Just to set the notation: I consider point 2 to be at the top opening and 1 to be at the bottom small hole opening.

Let's say this tank is sitting on a table in some room. Then I agree that at the opening of the tank at the bottom is atmospheric pressure. But if the top is 30 meters higher, then the pressure there has to be lower than that bottom point by ## \rho g h ##, no?

That is, ## P_2 = P_1 - \rho g h ##.

And if you plug this into Bernoulli's equation, then you get this extra ## -\rho g h ## term.

I'm not sure if what I'm saying makes sense, but thanks any thoughts.
 
  • #4
eprparadox said:
But if the top is 30 meters higher, then the pressure there has to be lower than that bottom point by ## \rho g h ##, no?
Yes, but with the density of the air, which is negligible.
 
  • #5
@Orodruin ohh, so what you're saying is that because the density of air is so low, ## P_1 \approx P_2 ##
 
  • #6
eprparadox said:
@Orodruin ohh, so what you're saying is that because the density of air is so low, ## P_1 \approx P_2 ##
Right.
 
  • #7
eprparadox said:
Let's say this tank is sitting on a table in some room. Then I agree that at the opening of the tank at the bottom is atmospheric pressure. But if the top is 30 meters higher, then the pressure there has to be lower than that bottom point by ## \rho g h ##, no?.
See, there are two "bottoms".. there is the bottom of the tank where p is indeed ρgh higher than at the top. But just beneath the bottom is the aperture, and right at the bottom of the aperture v suddenly changes from near-0 to where 1/2 ρ v2 = ρgh as it spurts out of the bottom.
 

1. How does Bernoulli's Principle apply to the flight of an airplane?

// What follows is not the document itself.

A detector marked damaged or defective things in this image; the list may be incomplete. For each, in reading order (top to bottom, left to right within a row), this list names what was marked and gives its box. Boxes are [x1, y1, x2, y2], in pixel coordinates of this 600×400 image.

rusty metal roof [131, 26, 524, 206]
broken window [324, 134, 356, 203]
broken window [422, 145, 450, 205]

Bernoulli's Principle states that as the speed of a fluid (such as air) increases, its pressure decreases. In the case of an airplane, the shape of the wing causes air to move faster over the top of the wing than underneath it, creating a difference in air pressure. This difference in pressure creates lift, allowing the airplane to stay in the air.

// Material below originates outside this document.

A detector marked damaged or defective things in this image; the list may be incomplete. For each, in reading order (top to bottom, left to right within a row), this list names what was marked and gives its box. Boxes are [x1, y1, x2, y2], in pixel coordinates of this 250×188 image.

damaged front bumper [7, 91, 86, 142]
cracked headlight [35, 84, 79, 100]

2. Can Bernoulli's Principle explain how a curveball is thrown in baseball?

Yes, Bernoulli's Principle can be used to explain how a curveball is thrown. As the ball spins, it creates different air pressures on either side of the ball. This difference in pressure causes the ball to curve in the direction of the lower pressure, allowing pitchers to throw a curveball.

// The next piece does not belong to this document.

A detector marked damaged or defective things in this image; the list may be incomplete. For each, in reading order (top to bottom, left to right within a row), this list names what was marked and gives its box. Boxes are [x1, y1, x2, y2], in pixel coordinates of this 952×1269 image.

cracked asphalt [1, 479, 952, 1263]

3. How is Bernoulli's Principle used in the design of race cars?

In race car design, Bernoulli's Principle is used to create downforce, which helps keep the car on the ground and improve its handling. The shape of the car, particularly the wings and spoilers, is designed to create different air pressures that produce downforce.

4. Can Bernoulli's Principle explain how a shower curtain moves inward when the shower is turned on?

Yes, Bernoulli's Principle can explain this phenomenon. As the water from the shower hits the air, it causes the air to move faster, creating a lower pressure area. This lower pressure on the inside of the shower curtain causes it to move inward.

5. How does Bernoulli's Principle apply to the flow of blood through arteries?

In the human body, Bernoulli's Principle helps explain how blood flow through arteries. As the heart pumps blood through narrow arteries, the speed of the blood increases, causing a decrease in pressure. This difference in pressure helps push the blood through the arteries and maintain proper circulation.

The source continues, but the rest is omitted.